» What you have to do
Down to the last line, set down the listing below exactly, apart from its pictures.

[Start of section]

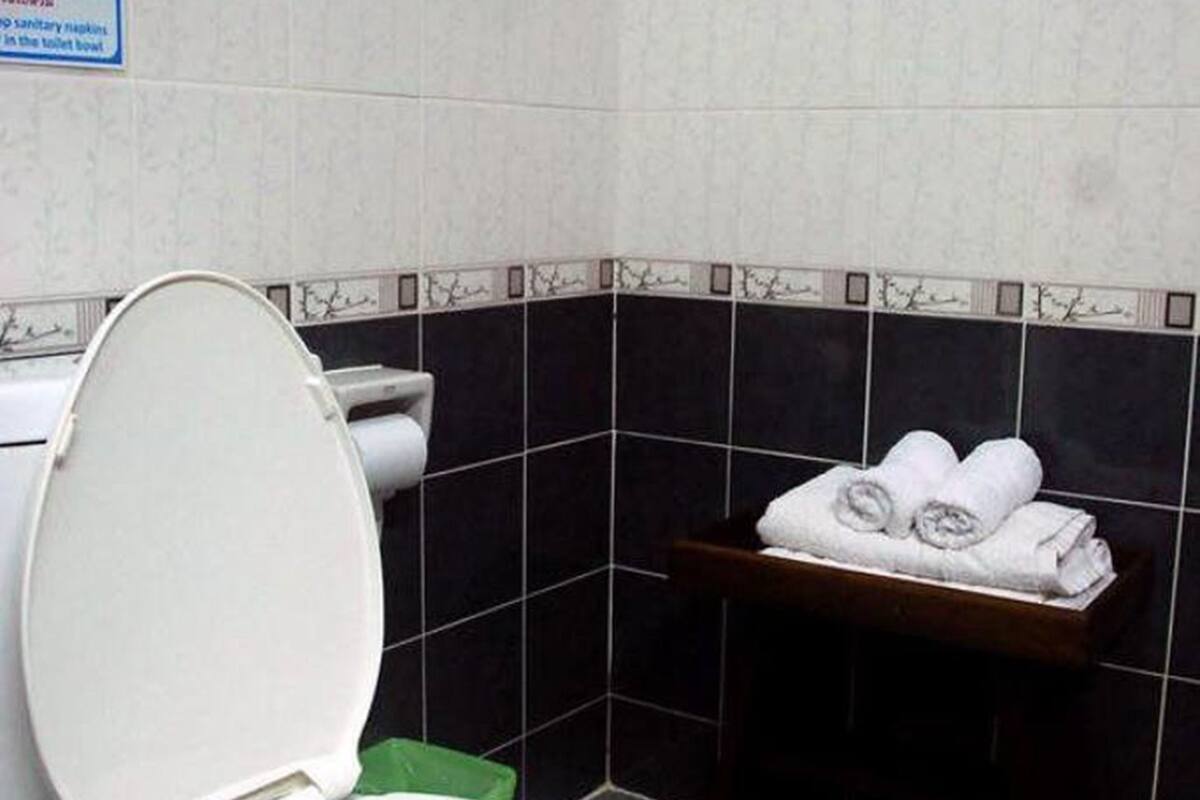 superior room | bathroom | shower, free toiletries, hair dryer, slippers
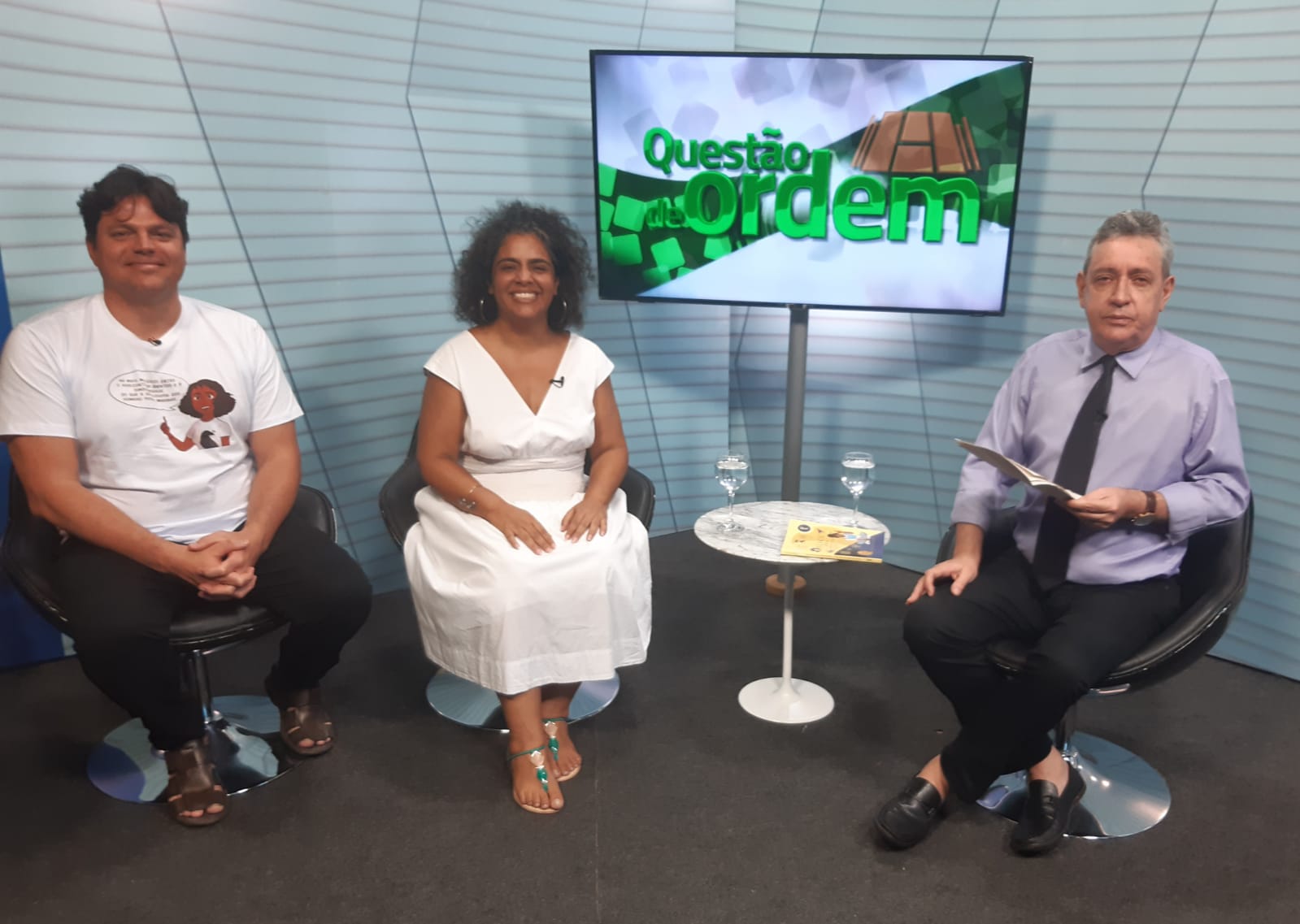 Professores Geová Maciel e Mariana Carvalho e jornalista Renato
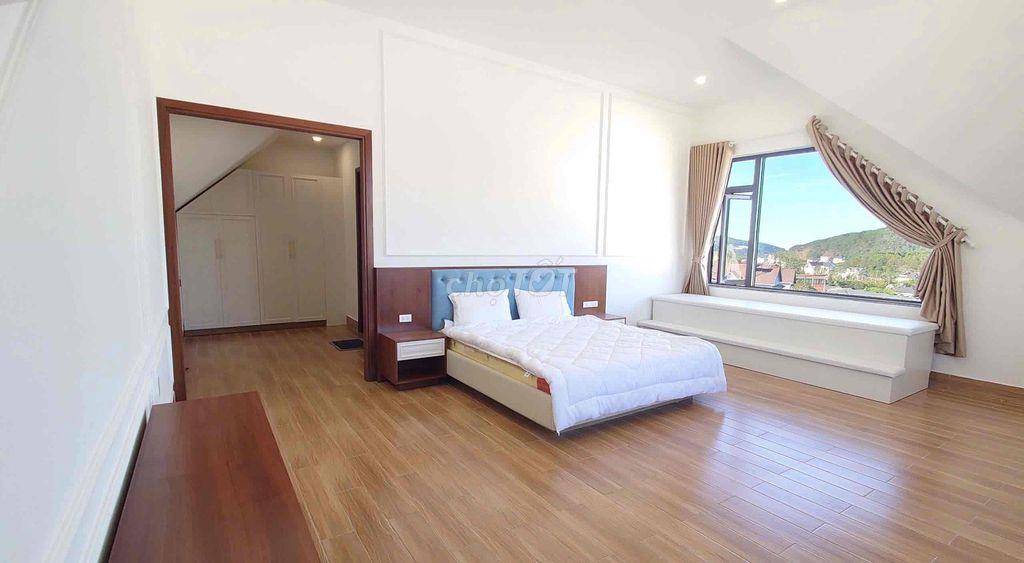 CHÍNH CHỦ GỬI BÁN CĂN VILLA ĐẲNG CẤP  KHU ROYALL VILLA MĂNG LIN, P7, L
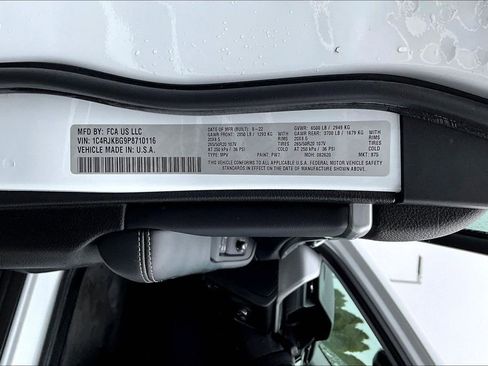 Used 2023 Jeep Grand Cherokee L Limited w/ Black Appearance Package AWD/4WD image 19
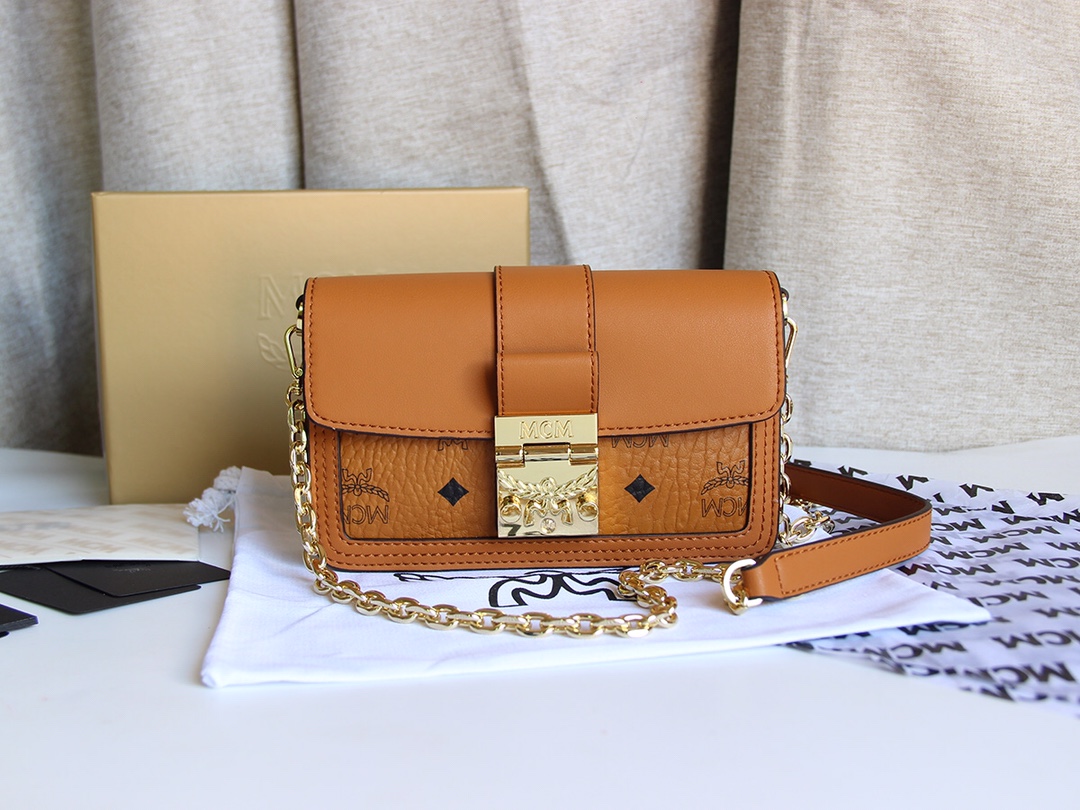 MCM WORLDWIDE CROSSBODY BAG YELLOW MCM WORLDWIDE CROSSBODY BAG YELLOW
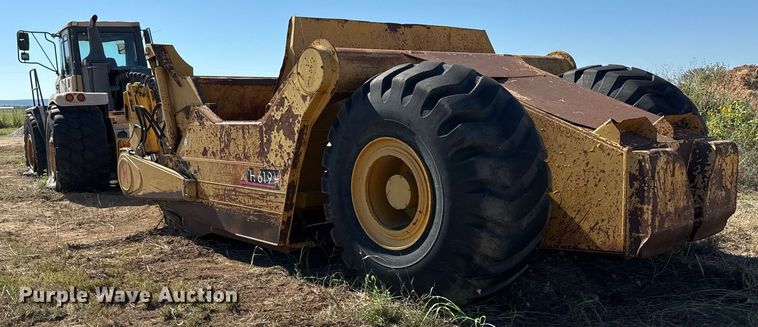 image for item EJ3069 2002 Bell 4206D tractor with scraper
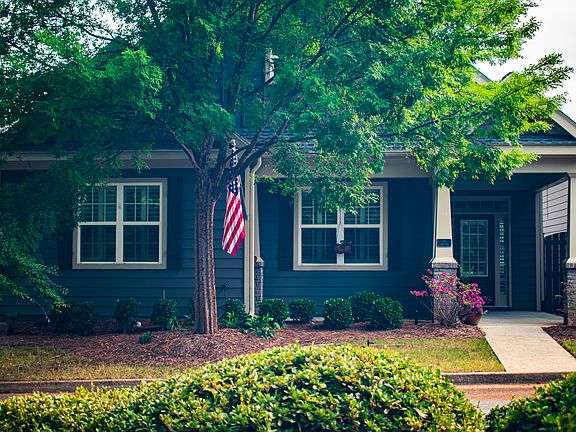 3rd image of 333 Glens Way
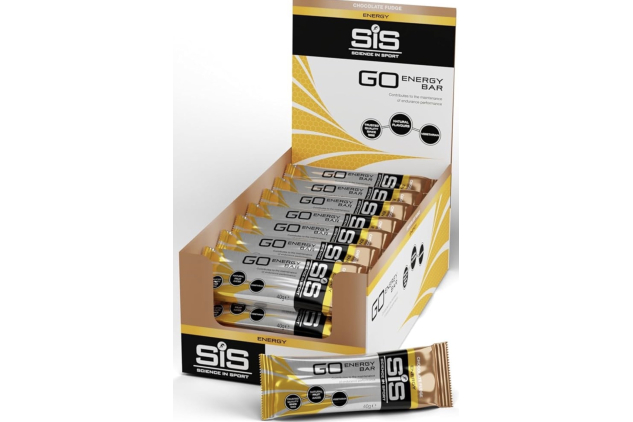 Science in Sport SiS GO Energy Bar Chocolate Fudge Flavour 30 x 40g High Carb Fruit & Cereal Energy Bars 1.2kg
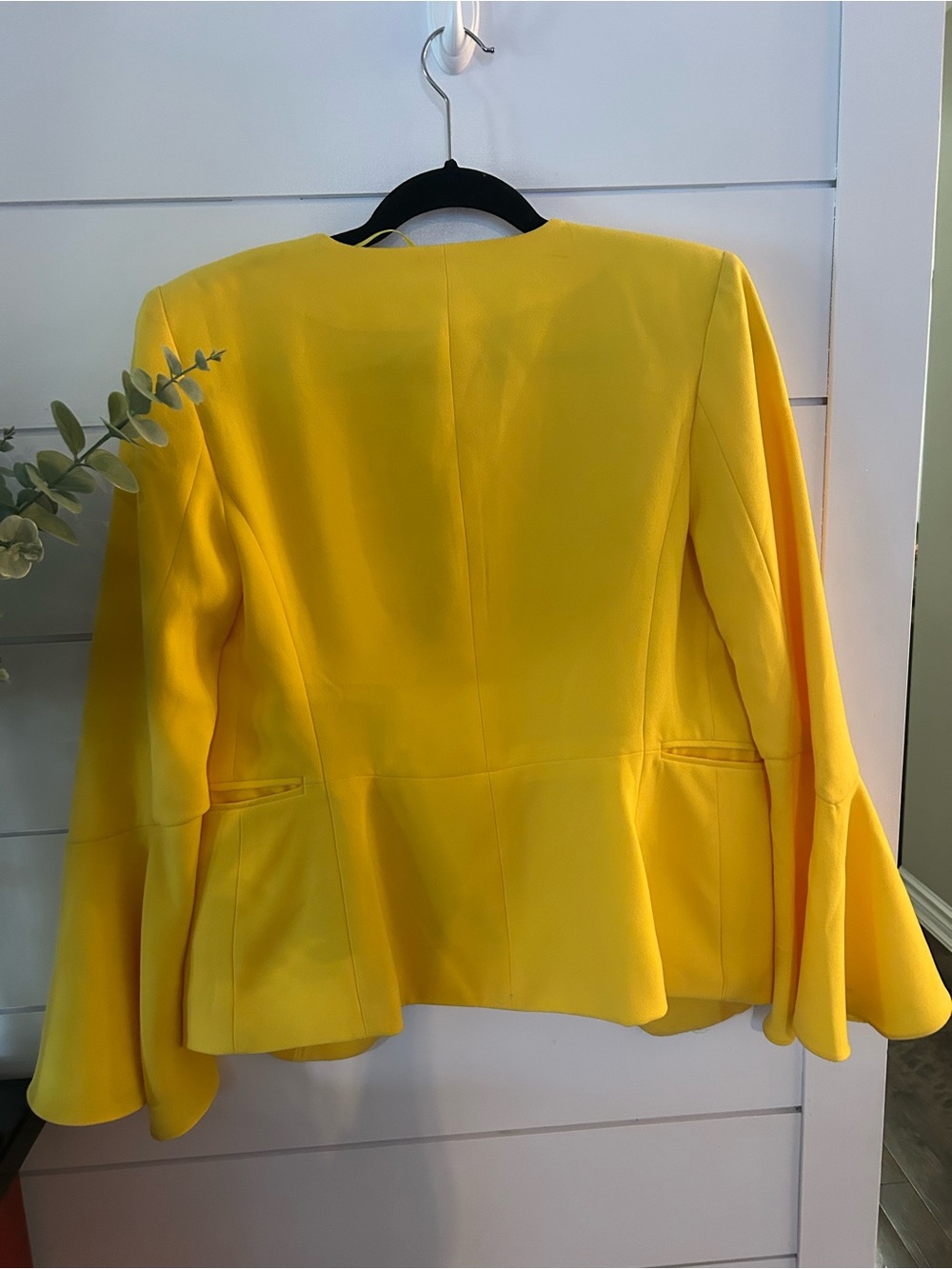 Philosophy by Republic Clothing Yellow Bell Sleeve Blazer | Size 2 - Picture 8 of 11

[End of section]

» Task response
 superior room | bathroom | shower, free toiletries, hair dryer, slippers
 Professores Geová Maciel e Mariana Carvalho e jornalista Renato
 CHÍNH CHỦ GỬI BÁN CĂN VILLA ĐẲNG CẤP  KHU ROYALL VILLA MĂNG LIN, P7, L
 Used 2023 Jeep Grand Cherokee L Limited w/ Black Appearance Package AWD/4WD image 19
 MCM WORLDWIDE CROSSBODY BAG YELLOW MCM WORLDWIDE CROSSBODY BAG YELLOW
 image for item EJ3069 2002 Bell 4206D tractor with scraper
 3rd image of 333 Glens Way
 Science in Sport SiS GO Energy Bar Chocolate Fudge Flavour 30 x 40g High Carb Fruit & Cereal Energy Bars 1.2kg
 Philosophy by Republic Clothing Yellow Bell Sleeve Blazer | Size 2 - Picture 8 of 11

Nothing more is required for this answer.